→ Task details
Starting at the line below that contains "Echo - Domestic Short Hair (DSH) Cat" and ending at the line that contains "Florilegia Nursery |", retype each line exactly as it stands, but omit the pictures.

→ Task material
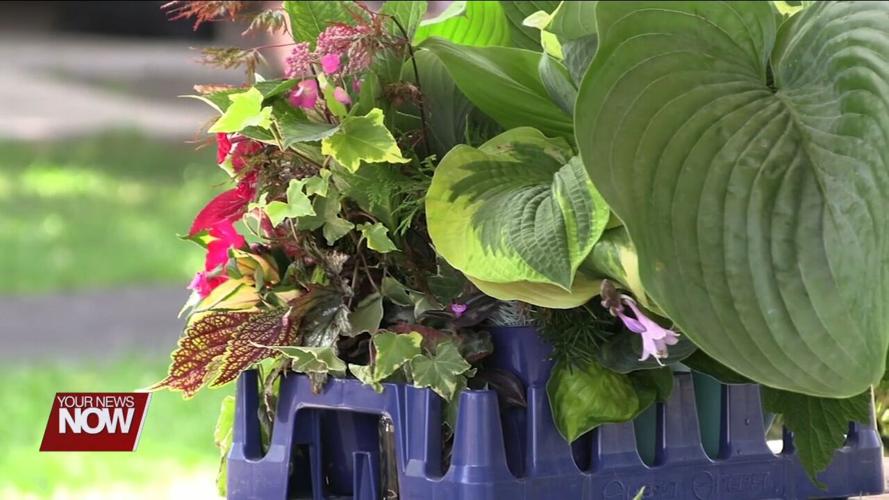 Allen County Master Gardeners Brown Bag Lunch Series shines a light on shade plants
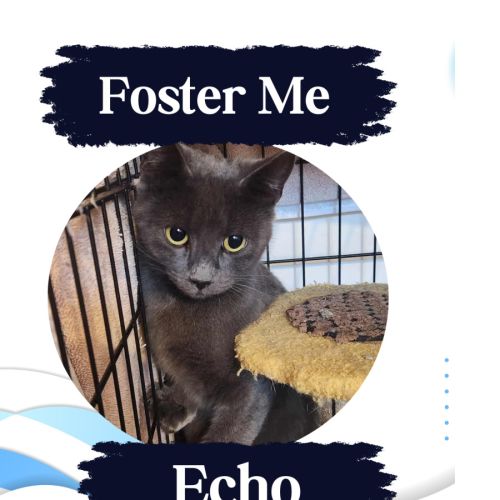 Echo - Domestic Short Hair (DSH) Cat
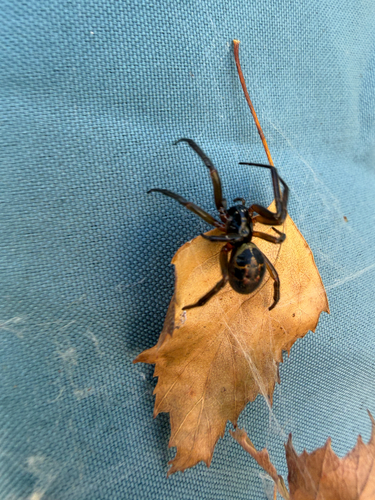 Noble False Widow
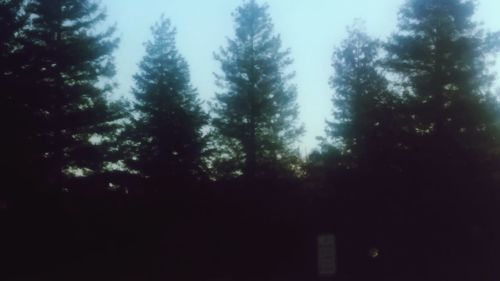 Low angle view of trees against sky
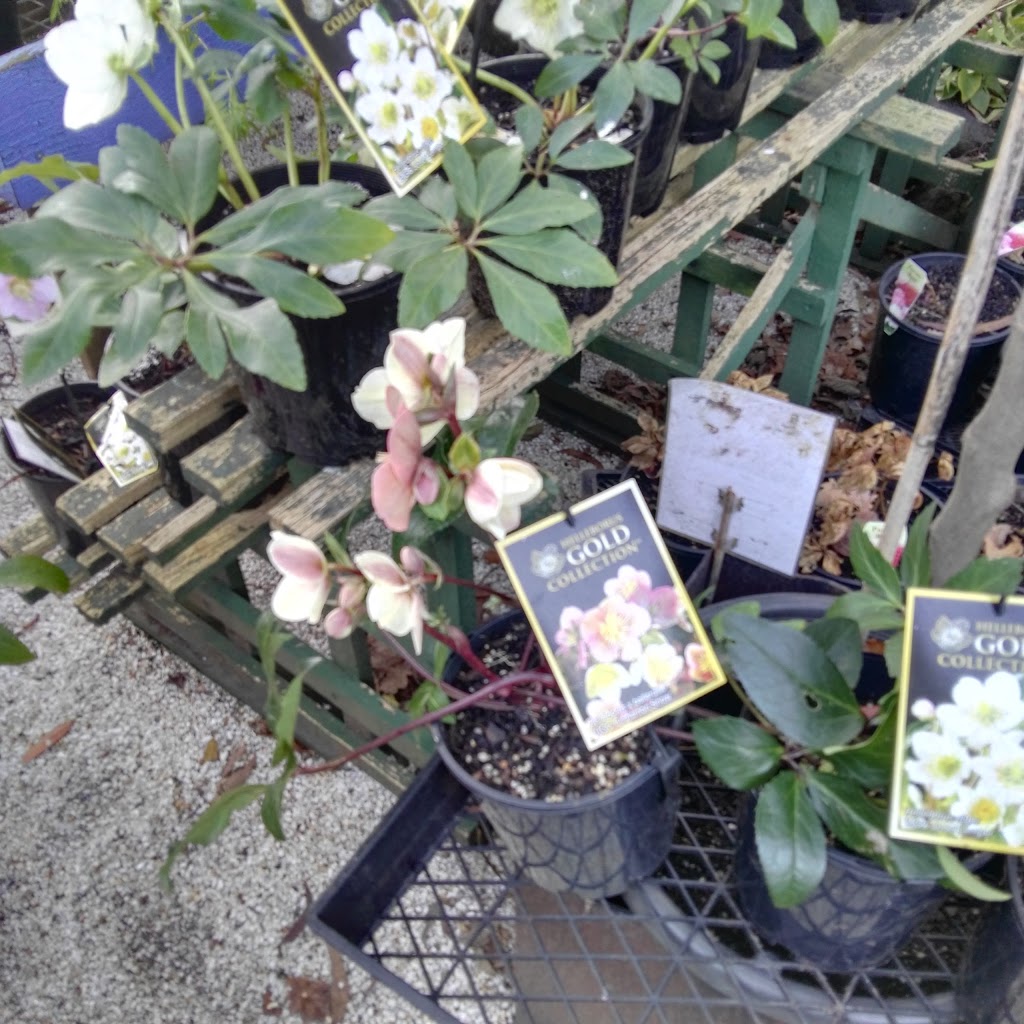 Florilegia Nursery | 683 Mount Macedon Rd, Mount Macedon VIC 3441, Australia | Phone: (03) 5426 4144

--

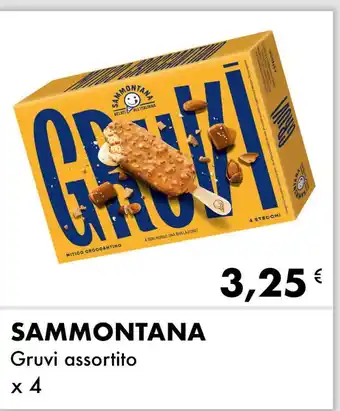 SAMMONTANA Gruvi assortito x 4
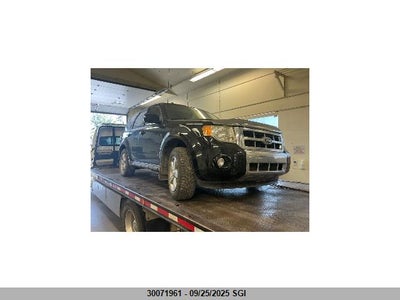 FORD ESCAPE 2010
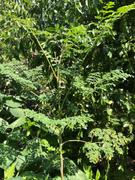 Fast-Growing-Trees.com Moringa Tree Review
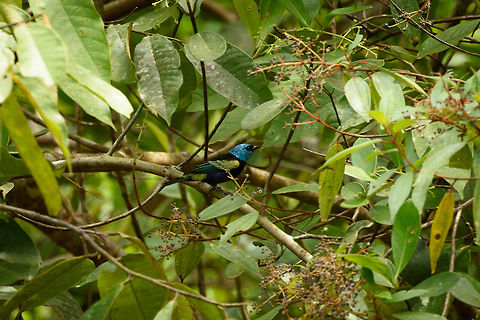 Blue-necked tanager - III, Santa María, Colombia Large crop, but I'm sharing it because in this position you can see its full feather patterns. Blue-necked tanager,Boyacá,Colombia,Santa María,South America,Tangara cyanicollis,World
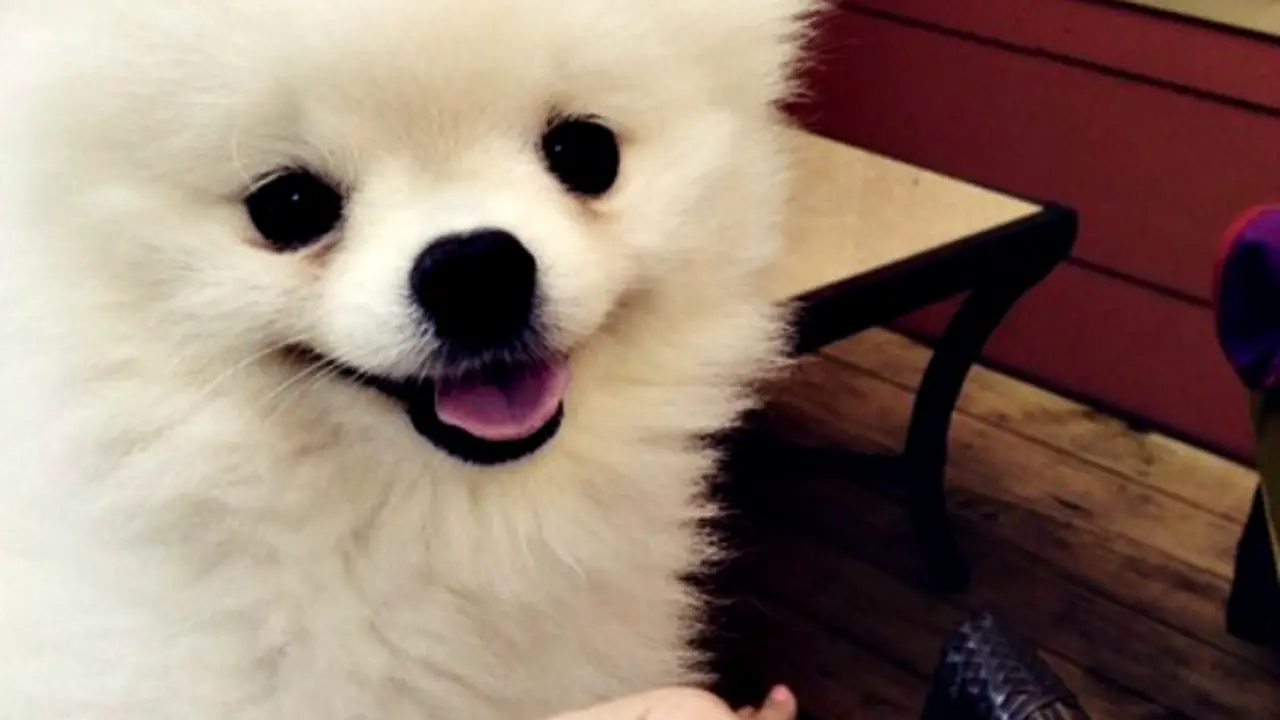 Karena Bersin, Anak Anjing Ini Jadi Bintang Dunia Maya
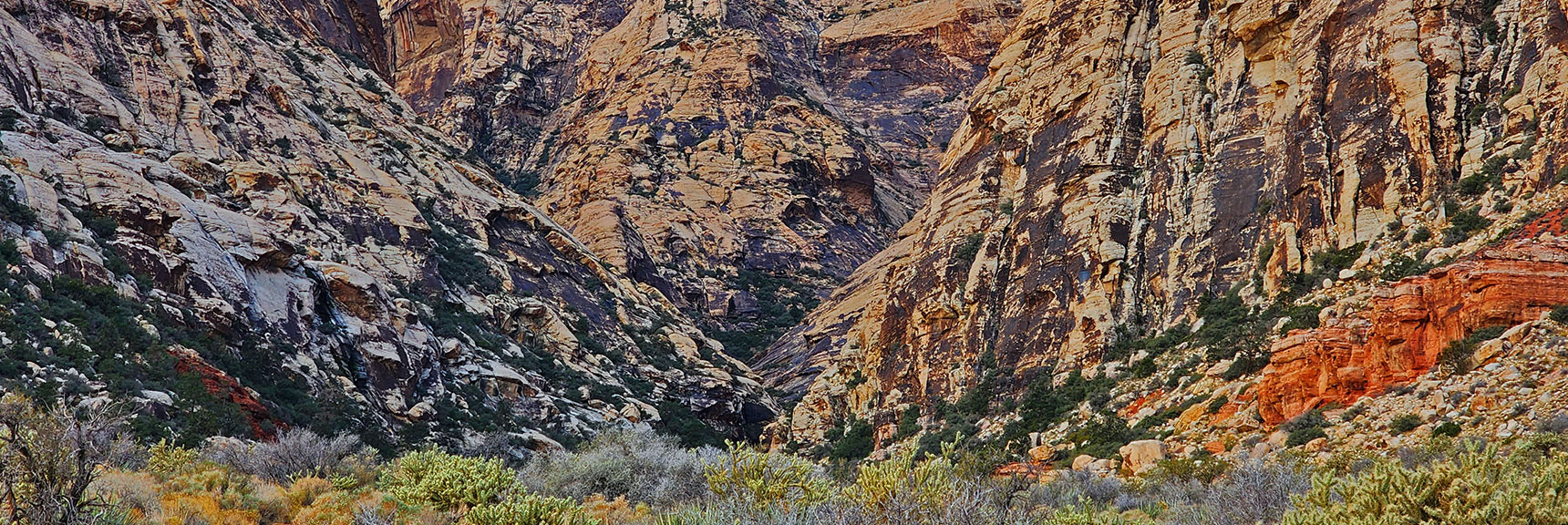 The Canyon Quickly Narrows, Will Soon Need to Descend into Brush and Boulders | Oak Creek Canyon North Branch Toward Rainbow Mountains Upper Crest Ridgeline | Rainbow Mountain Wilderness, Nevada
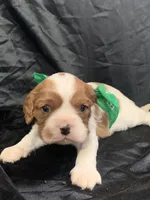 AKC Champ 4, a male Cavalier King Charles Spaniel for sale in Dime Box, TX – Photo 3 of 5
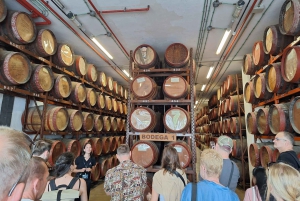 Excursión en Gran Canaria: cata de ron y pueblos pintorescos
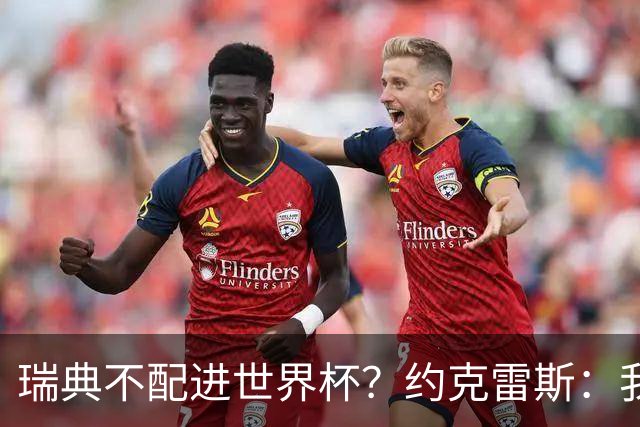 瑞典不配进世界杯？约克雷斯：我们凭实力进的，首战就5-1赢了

→ Solution for this task
 Echo - Domestic Short Hair (DSH) Cat
 Noble False Widow
 Low angle view of trees against sky
 Florilegia Nursery | 683 Mount Macedon Rd, Mount Macedon VIC 3441, Australia | Phone: (03) 5426 4144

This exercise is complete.